Tome desinformação, vídeos com montagens até grosseiras e outras nem tanto, tome declarações jamais feitas por A ou B. E – o mais lamentável – tome incitação ao ódio.

Certo dia conversei com uma pessoa que me deixou estupefata. Chegou a declarar que se sentia mal vendo noticiários de TV ou sites (feitos por profissionais). Ficava deprimido. Talvez porque a verdade às vezes dói bastante. Decidiu desligar a TV e continuou se desinformando através da sua bolha na internet, recebendo seu pacotinho diário de mentiras com alfinetadas na imprensa tradicional – faz parte do plano de marketing desses grupos desacreditar o jornalismo profissional.

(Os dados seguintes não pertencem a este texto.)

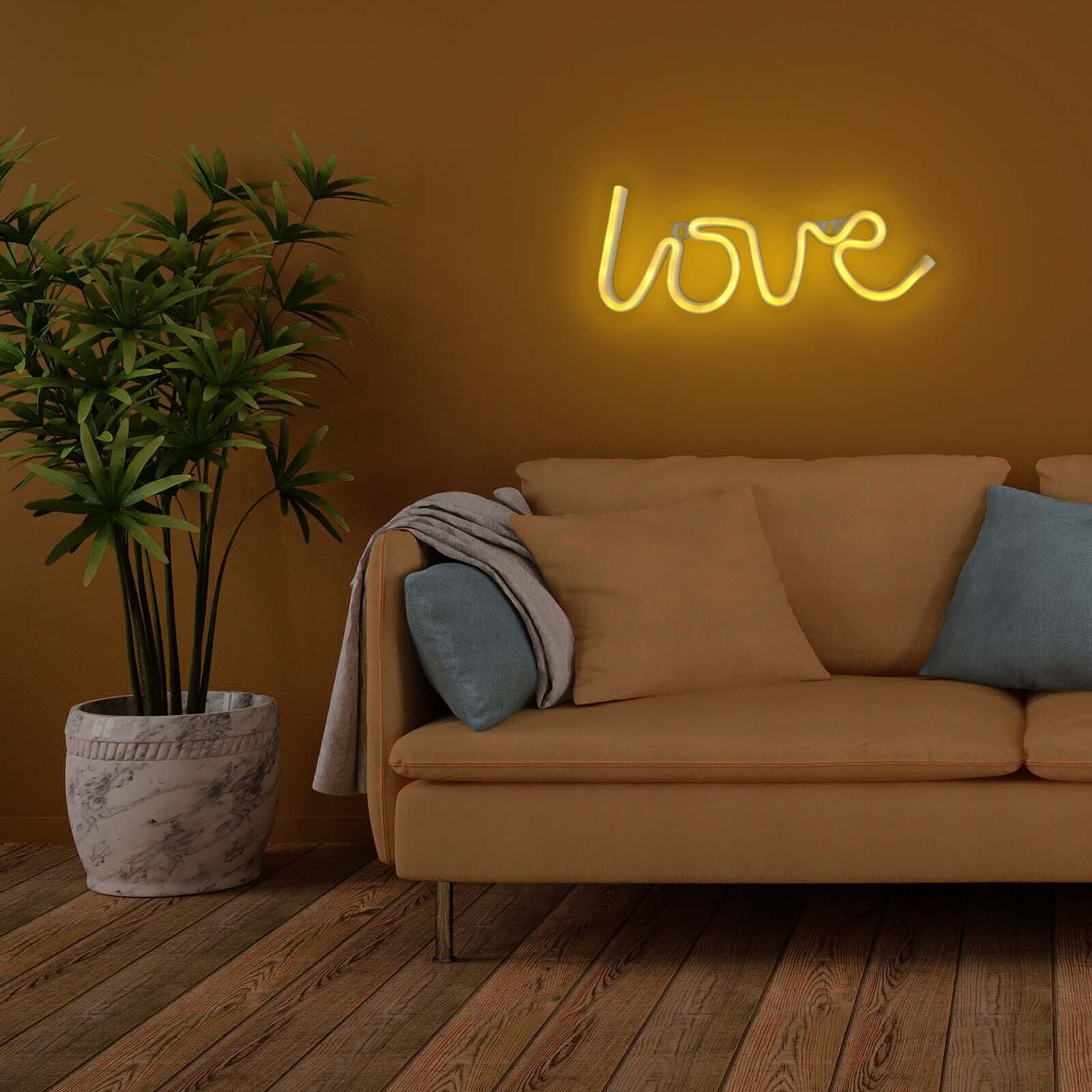 13 Love Neon Light Sign, LED Reusable Wall Decor Lights USB and Battery Operated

Eu fiquei boquiaberta com a ingenuidade daquele homem que já ocupou cargo público, com curso superior, profissional competente. Seria mesmo possível ele acreditar em tudo aquilo que dizia ou, ao contrário, seria uma bizarra forma de atrair seguidores à sua alucinação? Estaria ele apenas encenando?

Pior que não. Ele repetia frases e palavras de ordem típicas de certas bolhas, e ficava surpreso com as notícias verídicas, comprovadas, que eu lhe repassava enquanto conversávamos.

“Não pode ser verdade”, reagia.

“Mas é”, eu dizia.

“Só pode ser mais uma mentira da imprensa”, debatia-se.

“Não, não é”, eu atalhava, explicando tudo tim tim por tim tim.

O que leva uma pessoa a enjeitar a imprensa e adotar o whatsapp como fonte de “informação”? Como jornalista, fico triste com a – muitas vezes – injusta fama. Fico me perguntando como, num mundo globalizado, com a avançada tecnologia da informação, a desinformação superou os fatos. E assusta-me a força da mentira, das palavras irresponsáveis que solapam o entendimento, chamuscam o discernimento e dissolvem a autocrítica.

Já dizia Victor Hugo: “As palavras têm a leveza do vento e a força da tempestade”.